* _What is being asked_
Repeat every record below exactly, but leave out any pictures.

[Image-caption web data]
----------

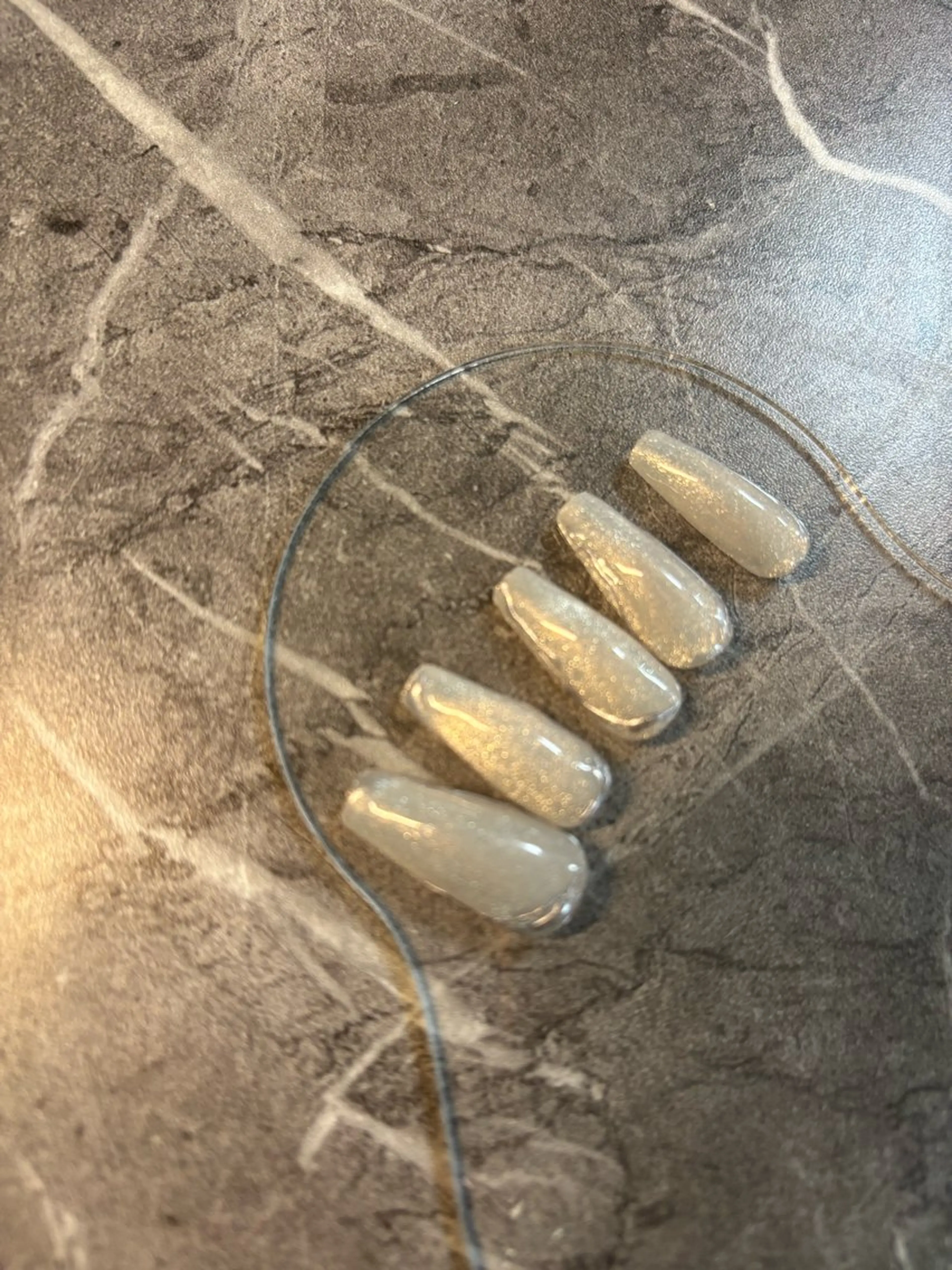 ネイル マグネットネイル ミラーネイル ニュアンスネイル シルバー ホワイト 松村 里奈のネイルデザイン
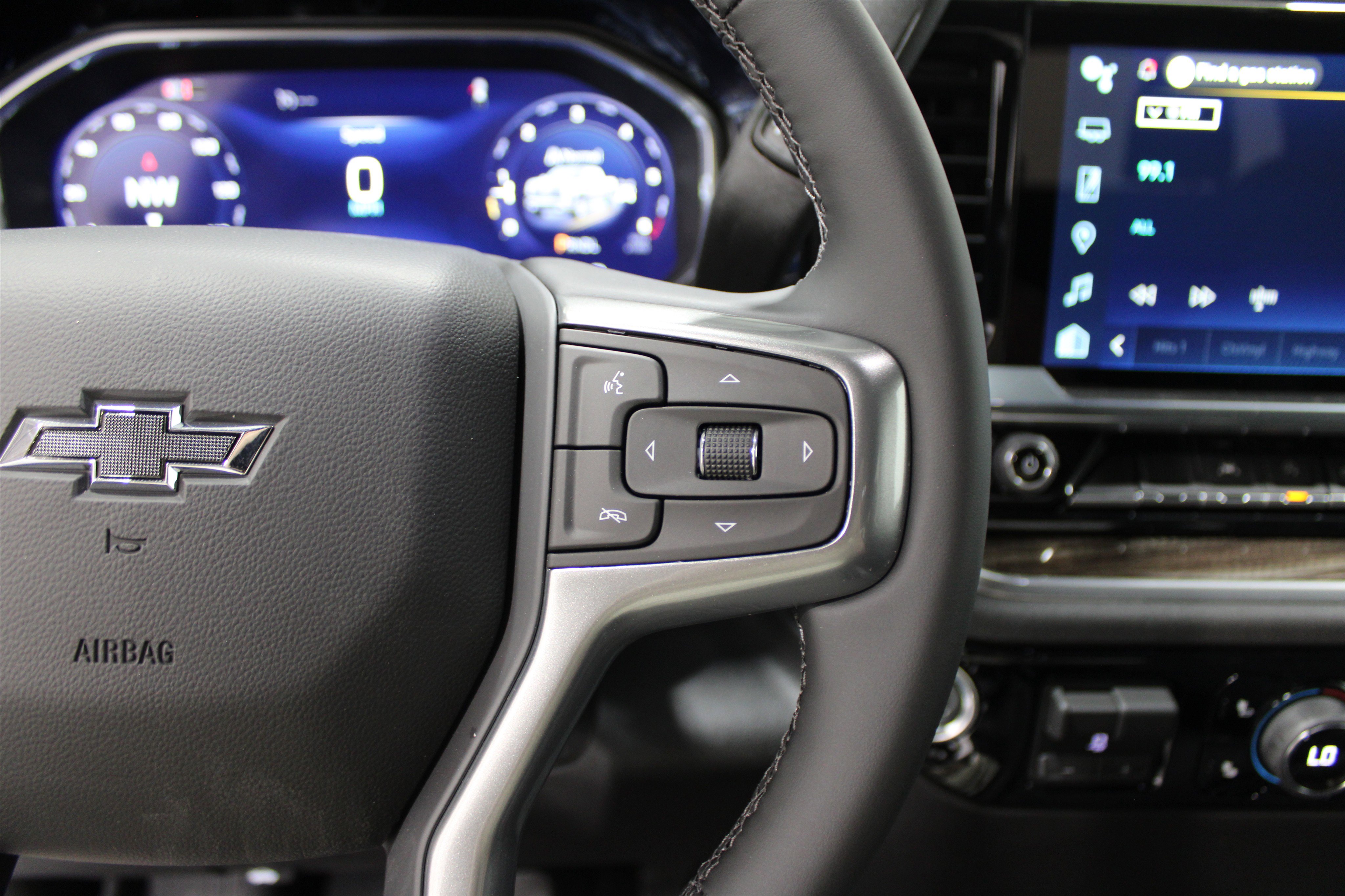 2026 Chevrolet Silverado 1500 RST photo 9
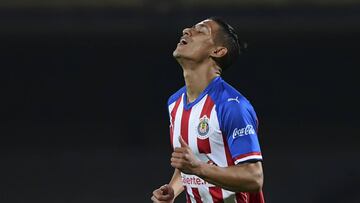 Primero fue Ronaldo Cisneros quien reveló haber sido contagiado de COVID-19. Ahora, sale a la luz el segundo de los tres futbolistas de Chivas que dieron positivo.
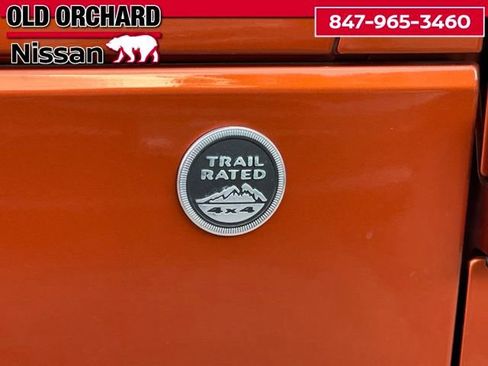 Used 2011 Jeep Wrangler Unlimited Sahara w/ Connectivity Group AWD/4WD image 9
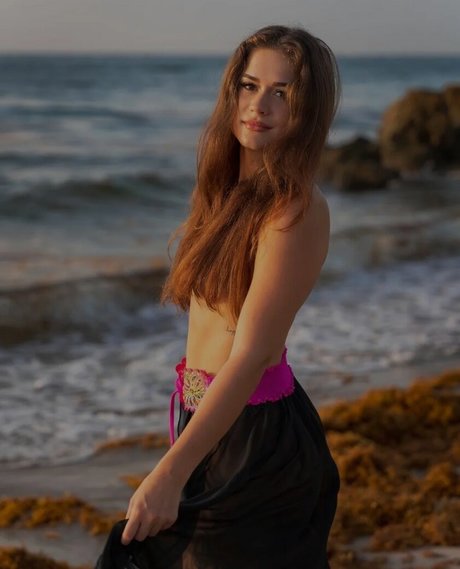 Chalina l sexy model pictures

----------

* _Written response_
 ネイル マグネットネイル ミラーネイル ニュアンスネイル シルバー ホワイト 松村 里奈のネイルデザイン
 2026 Chevrolet Silverado 1500 RST photo 9
 Primero fue Ronaldo Cisneros quien reveló haber sido contagiado de COVID-19. Ahora, sale a la luz el segundo de los tres futbolistas de Chivas que dieron positivo.
 Used 2011 Jeep Wrangler Unlimited Sahara w/ Connectivity Group AWD/4WD image 9
 Chalina l sexy model pictures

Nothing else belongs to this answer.